Question

Why alignment is invalid if a start/end coordinate is contained within the other read?

0

Entering edit mode

4.5 years ago

weishang ▴ 20

The manual of Trim Galore says : Trims 1 bp off every read from its 3' end. This may be needed for FastQ files that are to be aligned as paired-end data with Bowtie. This is because Bowtie (1) regards alignments like this:

R1 --------------------------->

R2 <---------------------------

or this:

R1 ----------------------->

R2 <-----------------

as invalid (whenever a start/end coordinate is contained within the other read).

But I still can't understand why alignment is invalid if a start/end coordinate is contained within the other read?
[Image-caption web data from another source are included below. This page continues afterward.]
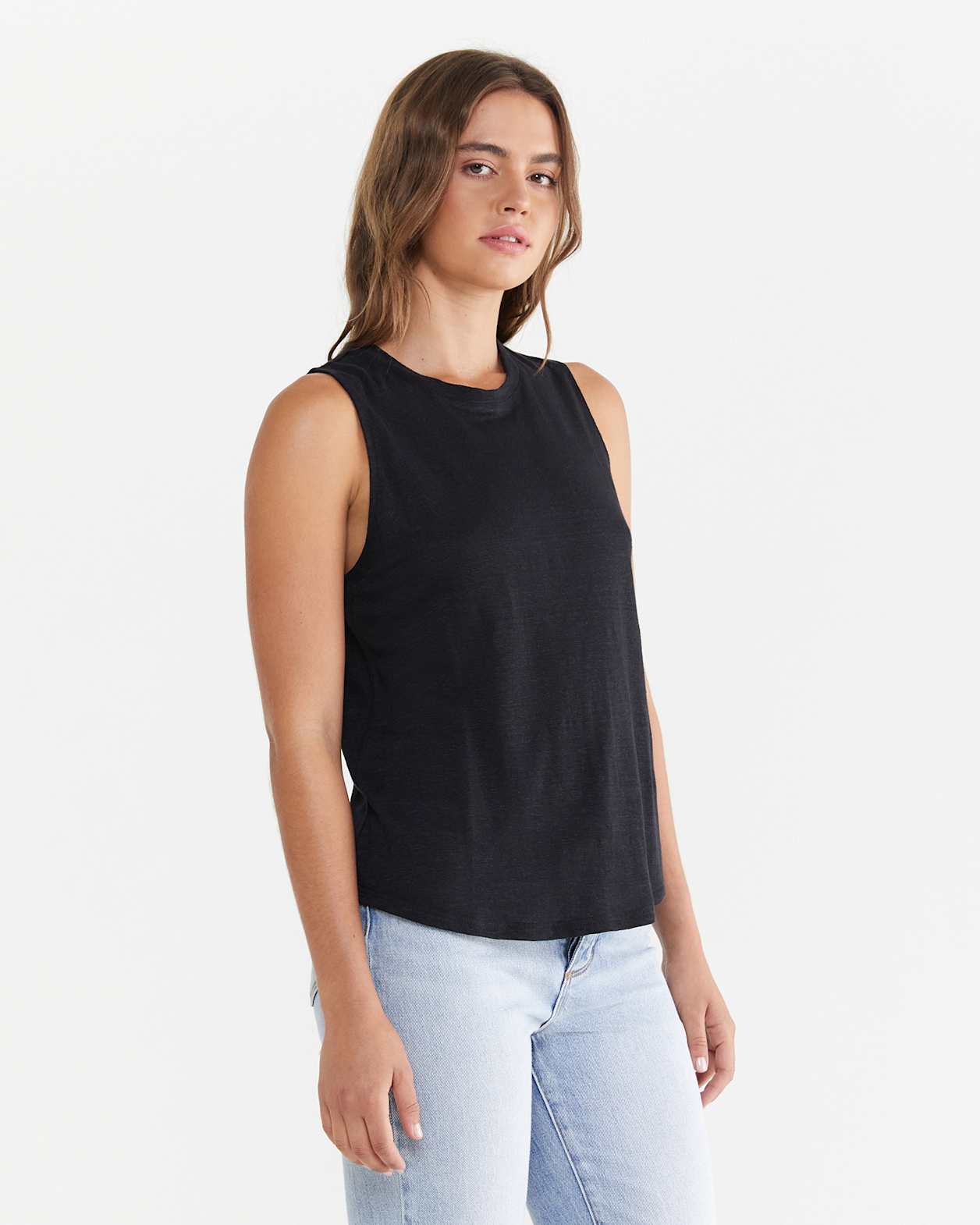 Ava Linen Tank in BLACK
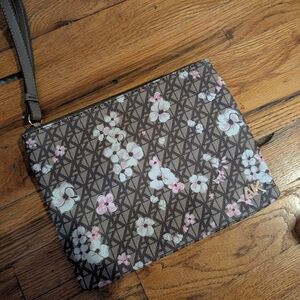 Anne Klein Brown Floral Wristlet‎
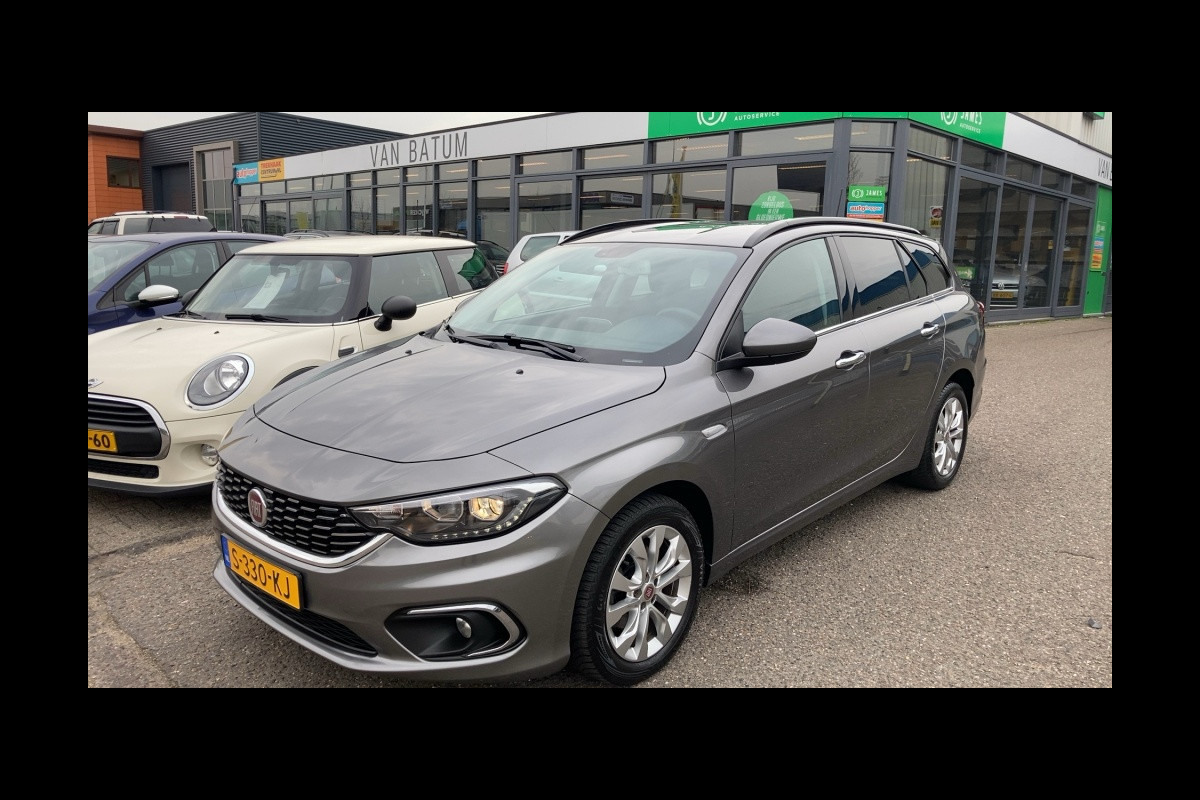 Fiat Tipo Stationwagon 1.4 Turbo Jet 16v Business Line Fiat Tipo Stationwagon 1.4 Turbo Jet 16v Business Line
Could some people explain that one to me?

Thanks a lot.

methylation trim galore bowtie alignment • 1.1k views

ADD COMMENT • link 4.5 years ago by weishang ▴ 20

0

Entering edit mode

I'd say by default you'd expect your paired-end reads to have quite large distance between them. Alignment where two reads are overlapping may mean that these reads come from repetitive region - the real distance between reads is large, but since both reads contain information about the same sequence (the region is repetitive), it maps them close to each other. However, <0 insert distance is not unusual for exome sequencing. I think I never faced this problem using bwa-mem.

ADD REPLY • link 4.5 years ago by German.M.Demidov ★ 2.9k

score 1 · Answer 1 · 2019-10-22

The title asks how to understand Trim_Galore --trim1 parameter, but apparently the real question is "why alignment is invalid if a start/end coordinate is contained within the other read?"

I don't know why bowtie considers an alignment invalid if a start/end coordinates is contained within the other read start/end coordinates. It could be a design decision (this would be my guess, probably to avoid funky reads - read more bellow), or it could be some limitation impose by Bowtie algorithm. The fact is bowtie manual clearly states this:

Paired-end alignments where one mate's alignment is entirely contained within the other's are considered invalid.

edit: bowtie source code comments at the file aligner.h hints it is a design decision:

    // Set begin/end to be a range of all reference
    // positions that are legally permitted to be involved in
    // the alignment of the outstanding mate.
    //
    // Note that one of the constraints imposed on which positions
    // go into this range is that the opposite mate cannot be
    // contained entirely within the anchor mate, or vice versa.

and:

        // We can also add a bit more if qlen is less than alen,
        // since we're requiring that opposite not be contained
        // within anchor.